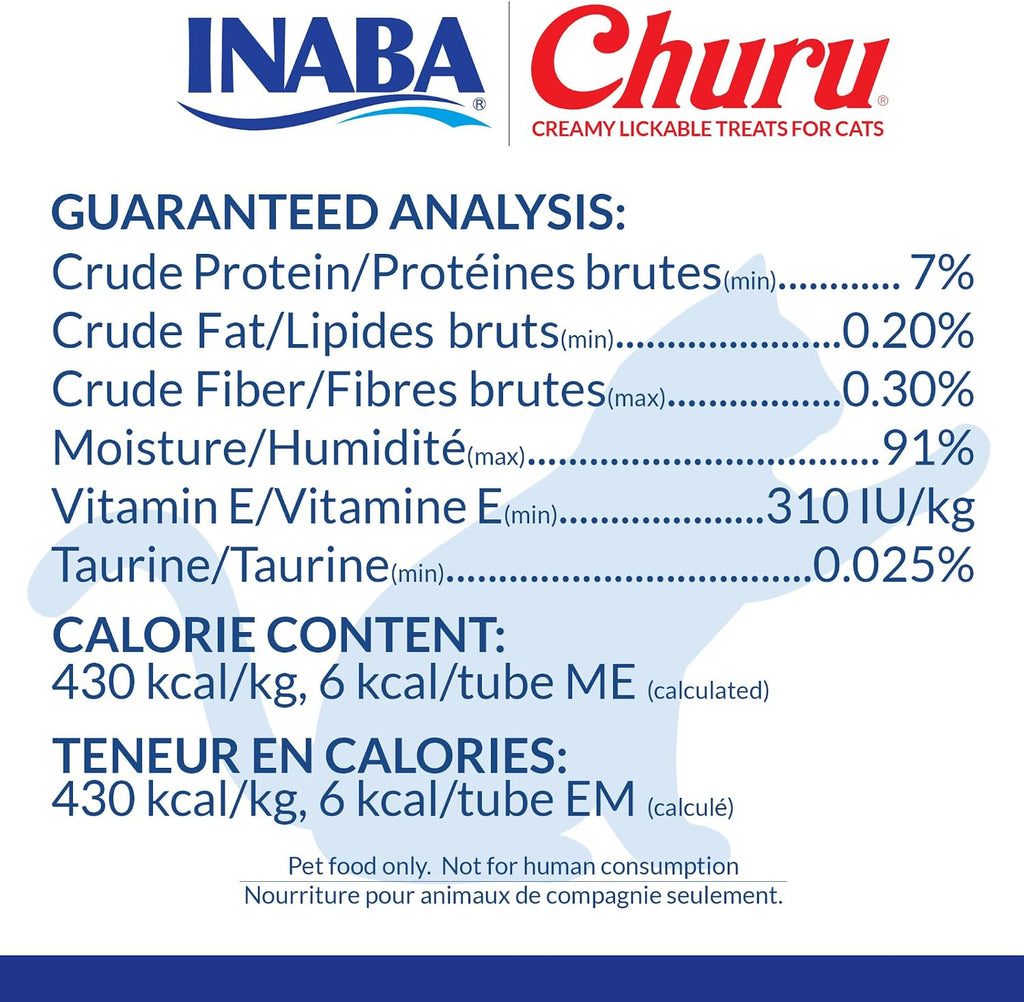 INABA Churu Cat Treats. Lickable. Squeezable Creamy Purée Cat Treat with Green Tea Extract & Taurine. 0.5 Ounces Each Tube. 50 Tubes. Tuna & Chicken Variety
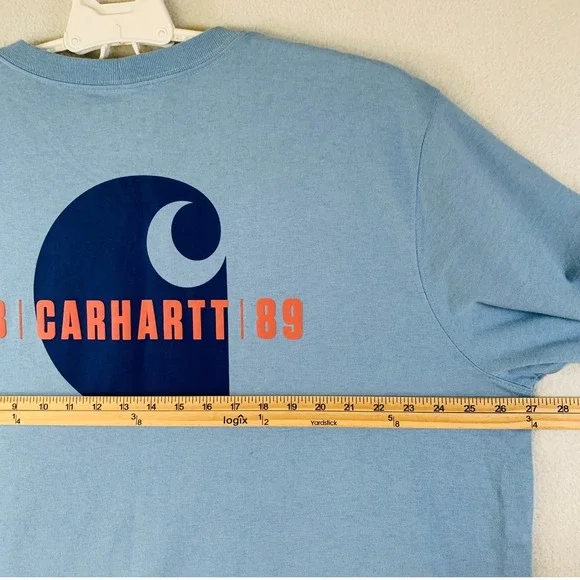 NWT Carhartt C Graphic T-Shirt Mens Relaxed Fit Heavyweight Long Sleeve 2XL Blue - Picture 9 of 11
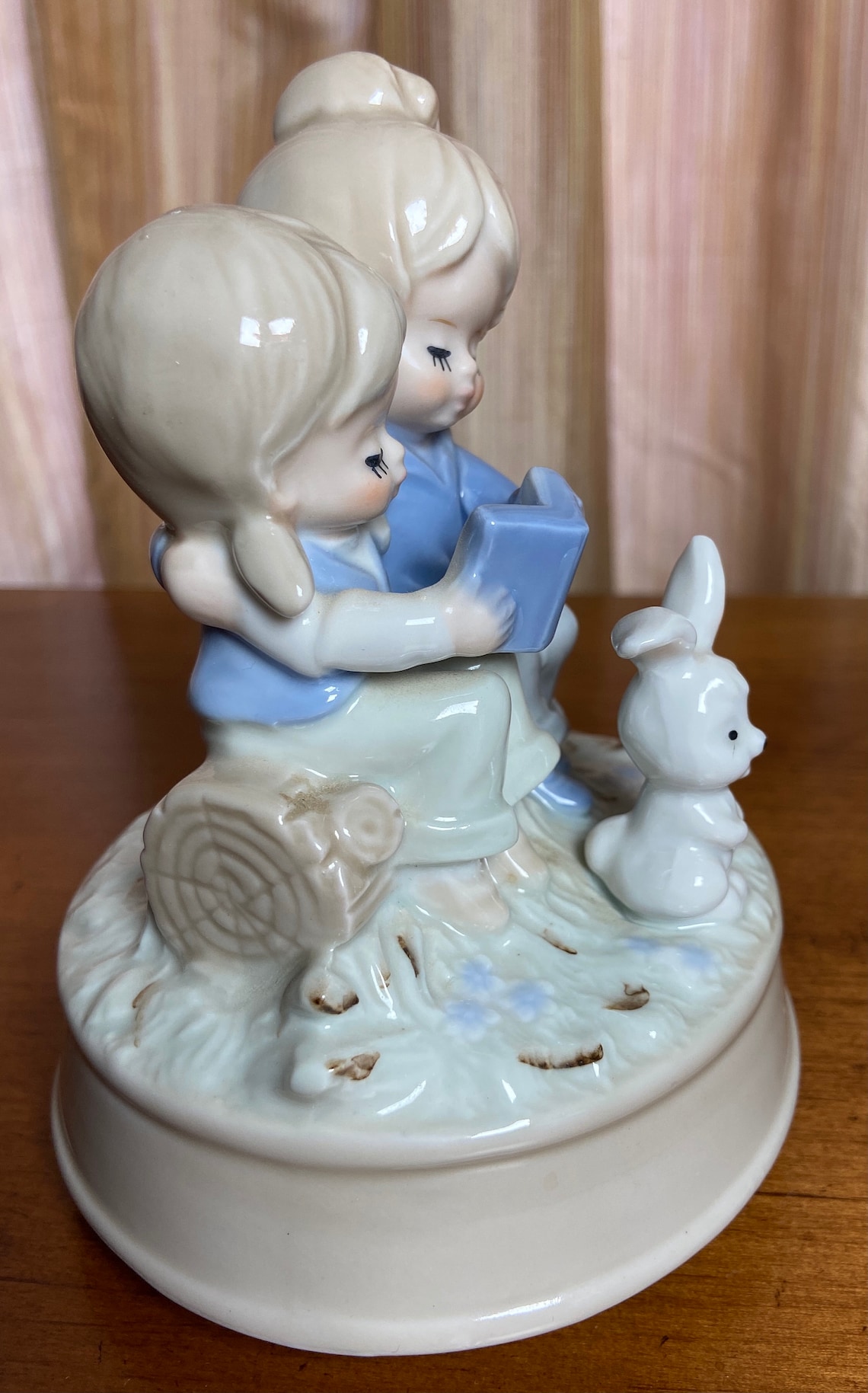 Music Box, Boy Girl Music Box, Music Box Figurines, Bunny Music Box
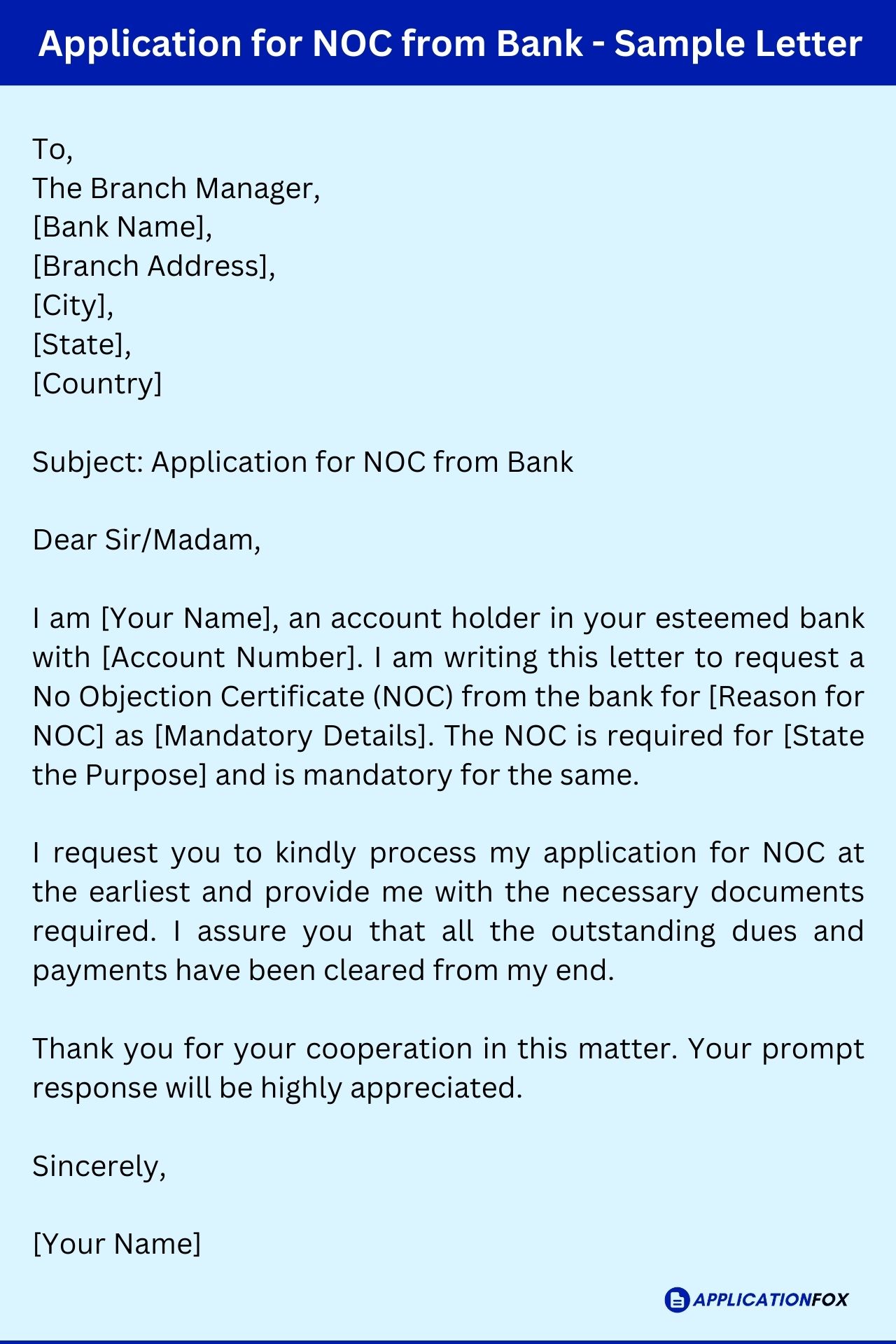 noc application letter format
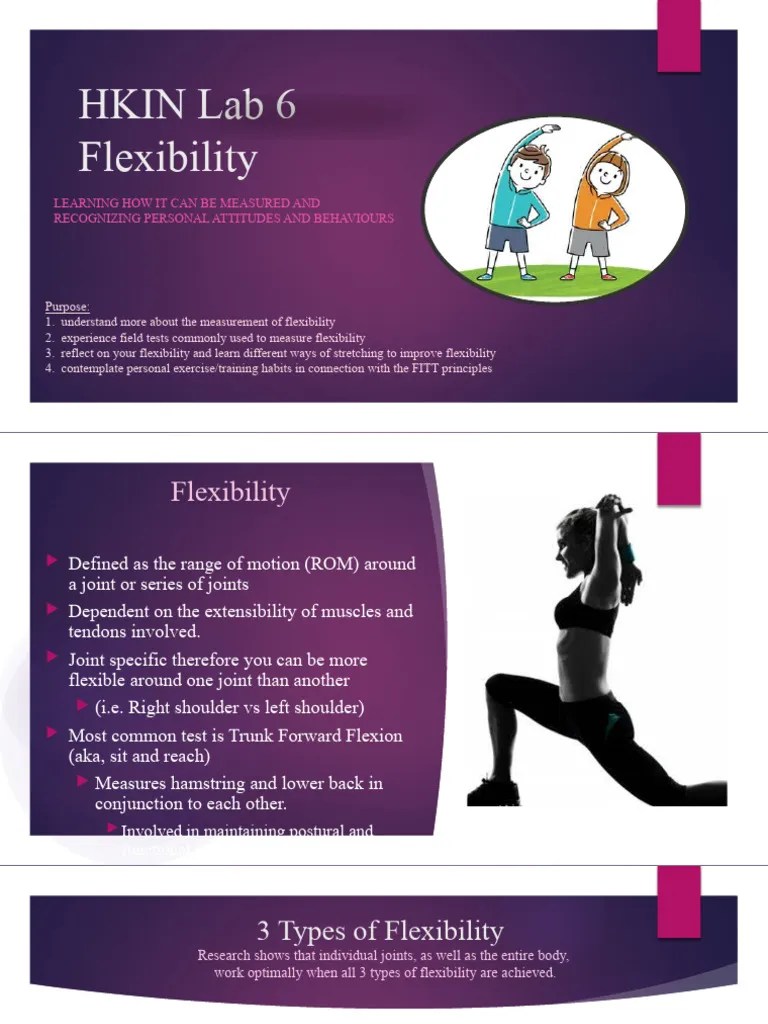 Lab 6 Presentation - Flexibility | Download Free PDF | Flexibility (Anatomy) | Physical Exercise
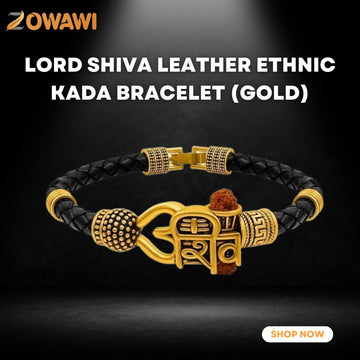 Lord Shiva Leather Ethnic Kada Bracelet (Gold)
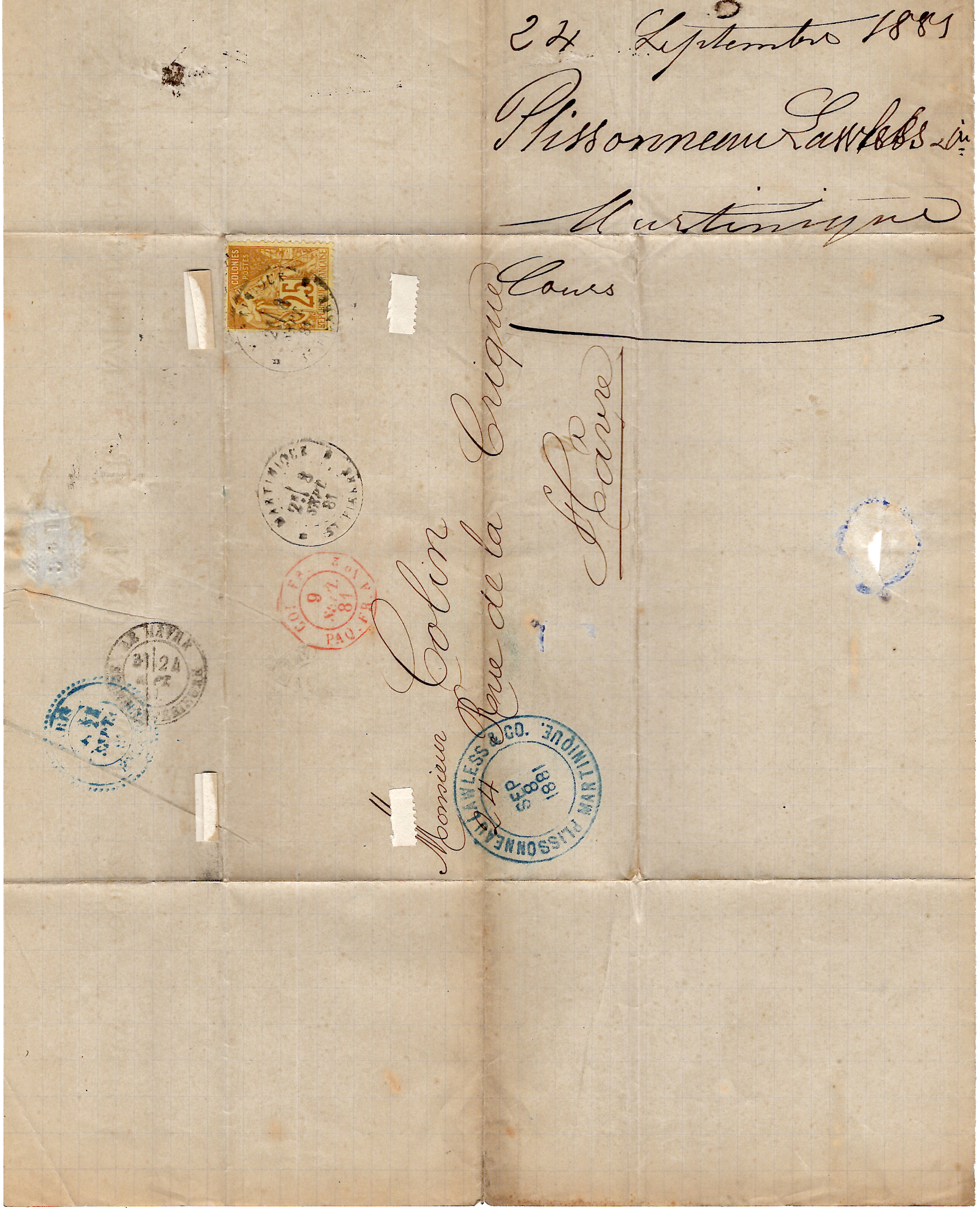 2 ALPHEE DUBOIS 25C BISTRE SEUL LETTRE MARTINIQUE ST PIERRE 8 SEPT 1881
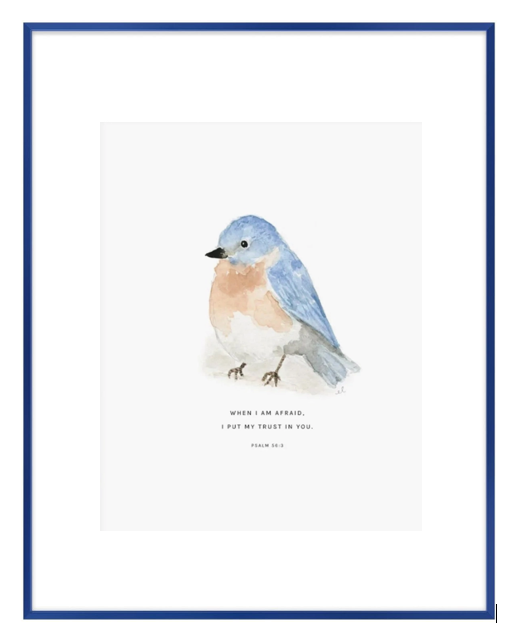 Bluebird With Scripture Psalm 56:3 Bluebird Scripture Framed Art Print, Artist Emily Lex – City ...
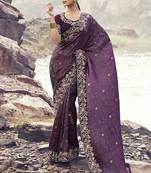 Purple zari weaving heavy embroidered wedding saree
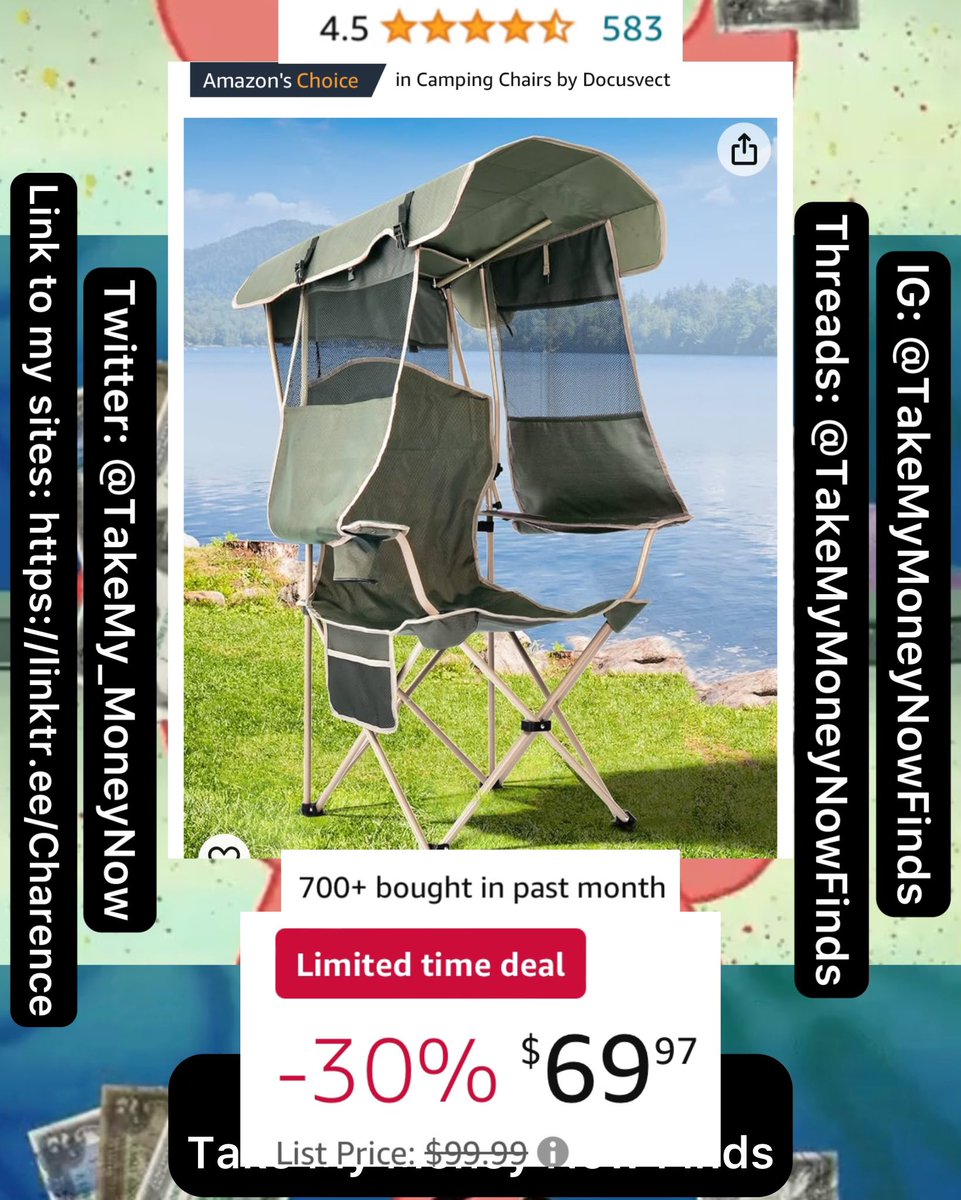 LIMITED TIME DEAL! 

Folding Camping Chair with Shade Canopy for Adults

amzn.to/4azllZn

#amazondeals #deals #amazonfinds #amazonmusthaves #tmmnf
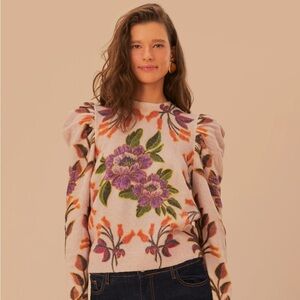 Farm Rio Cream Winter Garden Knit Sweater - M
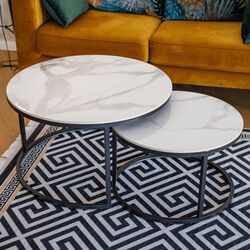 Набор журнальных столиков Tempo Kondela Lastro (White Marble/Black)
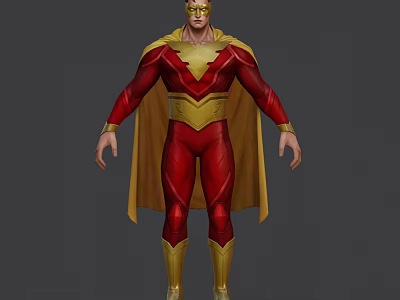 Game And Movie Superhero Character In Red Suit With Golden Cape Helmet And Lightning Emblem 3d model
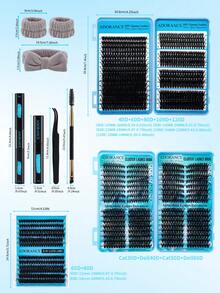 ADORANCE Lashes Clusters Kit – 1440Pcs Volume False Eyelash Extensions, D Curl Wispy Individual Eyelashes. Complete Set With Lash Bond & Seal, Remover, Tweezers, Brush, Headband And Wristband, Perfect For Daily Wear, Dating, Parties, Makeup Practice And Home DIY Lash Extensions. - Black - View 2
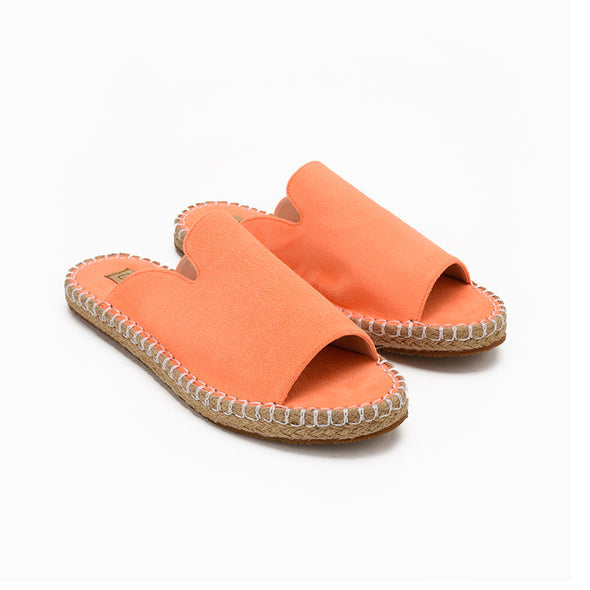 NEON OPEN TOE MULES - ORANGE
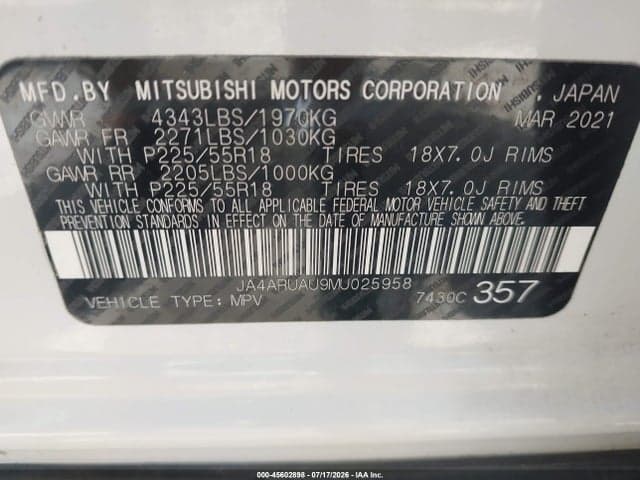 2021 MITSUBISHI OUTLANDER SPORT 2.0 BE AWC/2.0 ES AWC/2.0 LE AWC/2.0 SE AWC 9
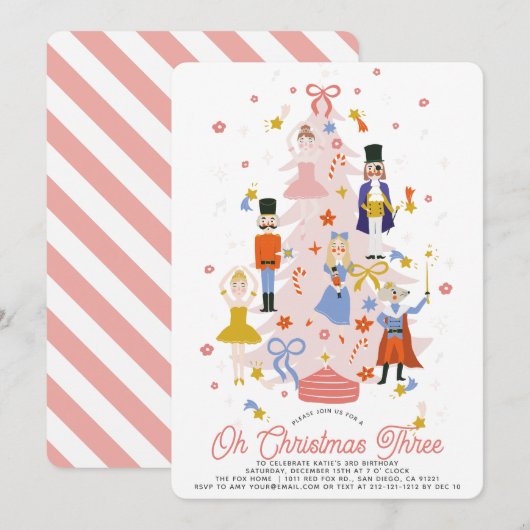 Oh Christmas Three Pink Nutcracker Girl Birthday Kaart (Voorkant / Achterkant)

☆ ☆ ☆

■ THE TASK
Return only the stretch above from the line containing "Lab 6 Presentation" through the line containing "2021 MITSUBISHI OUTLANDER", word for word and without pictures.

■ SOLUTION TO THIS PROBLEM
 Lab 6 Presentation - Flexibility | Download Free PDF | Flexibility (Anatomy) | Physical Exercise
 Lord Shiva Leather Ethnic Kada Bracelet (Gold)
 2 ALPHEE DUBOIS 25C BISTRE SEUL LETTRE MARTINIQUE ST PIERRE 8 SEPT 1881
 Bluebird With Scripture Psalm 56:3 Bluebird Scripture Framed Art Print, Artist Emily Lex – City ...
 Purple zari weaving heavy embroidered wedding saree
 LIMITED TIME DEAL! 

Folding Camping Chair with Shade Canopy for Adults

amzn.to/4azllZn

#amazondeals #deals #amazonfinds #amazonmusthaves #tmmnf
 Farm Rio Cream Winter Garden Knit Sweater - M
 Набор журнальных столиков Tempo Kondela Lastro (White Marble/Black)
 Game And Movie Superhero Character In Red Suit With Golden Cape Helmet And Lightning Emblem 3d model
 ADORANCE Lashes Clusters Kit – 1440Pcs Volume False Eyelash Extensions, D Curl Wispy Individual Eyelashes. Complete Set With Lash Bond & Seal, Remover, Tweezers, Brush, Headband And Wristband, Perfect For Daily Wear, Dating, Parties, Makeup Practice And Home DIY Lash Extensions. - Black - View 2
 NEON OPEN TOE MULES - ORANGE
 2021 MITSUBISHI OUTLANDER SPORT 2.0 BE AWC/2.0 ES AWC/2.0 LE AWC/2.0 SE AWC 9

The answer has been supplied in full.